The reason you are getting the behavior you see where the devices on the 192 subnet can get out to the internet and fully communicate with the 172 subnet but traffic initiated from the 172 subnet cannot reach the 192 subnet is due to how these Fireboxes and most routers/firewalls of the SOHO/SMB type operate. By default and design, these routers/firewalls have a single WAN port (some have two.) This WAN port is to be plugged into a connection which is not trusted (i.e. your ISP/internet connection.) So the base behavior of the router/firewall is to allow traffic initiated from the inside (LAN ports) to go out the WAN port but to block all traffic initiated from the WAN side to go to the LAN side. The other behavior which prevents traffic from traversing the WAN side to the LAN side is the NAT overload function. Most people and organizations tend not to be wealthy enough to buy more than one public IP address or the option to obtain more than one public IP many not be an option. So these routers/firewalls masks the entire subnet range you define on your LAN side with the single public IP defined as your WAN port. Because of this many to one relationship, there's no way for traffic to be initiated to the WAN port (your single public IP) and have the router know which internal IP of many that traffic is to be sent to. Port forward rules are set up to get around this limitation only in the case where you define a single port to be used to forward traffic to as specific host behind your router/firewall. If you have the need to communicate to two internal hosts through the outside/WAN side of the router/firewall over the same port, you're out of luck.

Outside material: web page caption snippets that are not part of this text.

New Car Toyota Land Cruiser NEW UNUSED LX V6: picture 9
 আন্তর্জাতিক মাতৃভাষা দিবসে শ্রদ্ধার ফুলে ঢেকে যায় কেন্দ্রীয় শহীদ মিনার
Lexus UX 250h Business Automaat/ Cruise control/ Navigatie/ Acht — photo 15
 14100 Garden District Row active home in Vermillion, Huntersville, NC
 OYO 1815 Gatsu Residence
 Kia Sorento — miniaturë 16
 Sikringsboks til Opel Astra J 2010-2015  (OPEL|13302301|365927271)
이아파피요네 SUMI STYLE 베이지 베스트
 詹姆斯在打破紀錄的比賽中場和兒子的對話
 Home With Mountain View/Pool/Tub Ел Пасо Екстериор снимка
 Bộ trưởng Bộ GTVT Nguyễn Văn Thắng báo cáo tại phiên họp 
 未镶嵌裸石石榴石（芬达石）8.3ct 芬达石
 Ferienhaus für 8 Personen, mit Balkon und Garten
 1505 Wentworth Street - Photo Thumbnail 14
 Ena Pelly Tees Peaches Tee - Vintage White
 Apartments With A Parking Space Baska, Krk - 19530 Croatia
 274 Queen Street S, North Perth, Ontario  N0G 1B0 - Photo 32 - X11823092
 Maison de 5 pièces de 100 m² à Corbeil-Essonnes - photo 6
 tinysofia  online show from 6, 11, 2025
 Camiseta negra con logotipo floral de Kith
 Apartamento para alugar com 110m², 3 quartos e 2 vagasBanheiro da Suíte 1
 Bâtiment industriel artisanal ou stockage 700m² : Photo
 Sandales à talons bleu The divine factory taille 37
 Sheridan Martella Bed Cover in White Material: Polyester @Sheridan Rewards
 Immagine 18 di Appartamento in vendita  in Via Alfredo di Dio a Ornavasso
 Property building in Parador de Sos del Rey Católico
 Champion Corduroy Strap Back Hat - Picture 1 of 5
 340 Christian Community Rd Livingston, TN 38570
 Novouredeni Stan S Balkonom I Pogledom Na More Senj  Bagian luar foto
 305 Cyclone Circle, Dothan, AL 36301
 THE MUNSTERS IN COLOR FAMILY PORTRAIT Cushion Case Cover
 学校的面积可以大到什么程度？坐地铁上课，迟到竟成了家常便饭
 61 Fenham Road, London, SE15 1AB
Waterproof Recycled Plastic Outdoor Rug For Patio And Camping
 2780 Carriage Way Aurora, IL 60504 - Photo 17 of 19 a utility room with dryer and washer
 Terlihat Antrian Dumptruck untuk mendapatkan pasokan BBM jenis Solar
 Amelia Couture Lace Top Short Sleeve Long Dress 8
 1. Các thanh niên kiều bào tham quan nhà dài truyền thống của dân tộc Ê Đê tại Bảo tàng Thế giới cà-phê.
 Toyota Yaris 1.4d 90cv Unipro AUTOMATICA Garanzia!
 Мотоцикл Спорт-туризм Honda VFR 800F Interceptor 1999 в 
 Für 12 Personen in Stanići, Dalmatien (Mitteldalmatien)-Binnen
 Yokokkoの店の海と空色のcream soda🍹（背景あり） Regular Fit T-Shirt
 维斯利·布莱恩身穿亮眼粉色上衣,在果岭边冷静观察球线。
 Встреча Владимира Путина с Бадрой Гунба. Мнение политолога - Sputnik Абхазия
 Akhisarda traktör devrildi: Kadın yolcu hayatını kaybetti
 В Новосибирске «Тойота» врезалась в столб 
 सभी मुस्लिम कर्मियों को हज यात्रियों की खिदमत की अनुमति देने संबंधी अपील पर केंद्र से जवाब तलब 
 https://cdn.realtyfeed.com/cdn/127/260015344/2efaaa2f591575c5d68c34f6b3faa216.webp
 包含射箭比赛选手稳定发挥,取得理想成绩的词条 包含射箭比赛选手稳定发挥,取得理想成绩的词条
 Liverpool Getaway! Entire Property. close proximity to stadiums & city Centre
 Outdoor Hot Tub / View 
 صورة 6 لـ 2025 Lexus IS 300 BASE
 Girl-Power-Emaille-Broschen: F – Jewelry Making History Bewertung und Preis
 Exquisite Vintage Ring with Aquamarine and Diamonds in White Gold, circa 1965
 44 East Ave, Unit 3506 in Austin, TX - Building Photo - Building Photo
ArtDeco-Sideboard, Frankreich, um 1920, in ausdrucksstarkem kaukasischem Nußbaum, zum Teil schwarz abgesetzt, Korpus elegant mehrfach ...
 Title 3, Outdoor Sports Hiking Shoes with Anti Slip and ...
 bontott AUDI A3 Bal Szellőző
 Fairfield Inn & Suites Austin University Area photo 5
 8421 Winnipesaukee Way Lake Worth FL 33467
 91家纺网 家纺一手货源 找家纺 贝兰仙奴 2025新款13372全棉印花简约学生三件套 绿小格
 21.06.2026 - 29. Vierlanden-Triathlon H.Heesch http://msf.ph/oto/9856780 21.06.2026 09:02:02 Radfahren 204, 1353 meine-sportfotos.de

So what does this mean? Well, as I stated, I don't know much about the Firebox's advanced feature set as I do with Cisco's ASAs. Solution I provided above gives the proper way (in my mind) to set this network up. The problem you're going to run in to is to find a way to provide a routed connection between the two subnets which allows full routing of all valid hosts on both subnets across this link. In addition, this device needs to be able to provide some sort of firewall capability or ACLs to control the type of traffic allowed to traverse this link in either direction. Because if you leave this part out, you might as well just combine both subnets into one as I don't see the apparent need based on your posts about why they need to be separate.


----------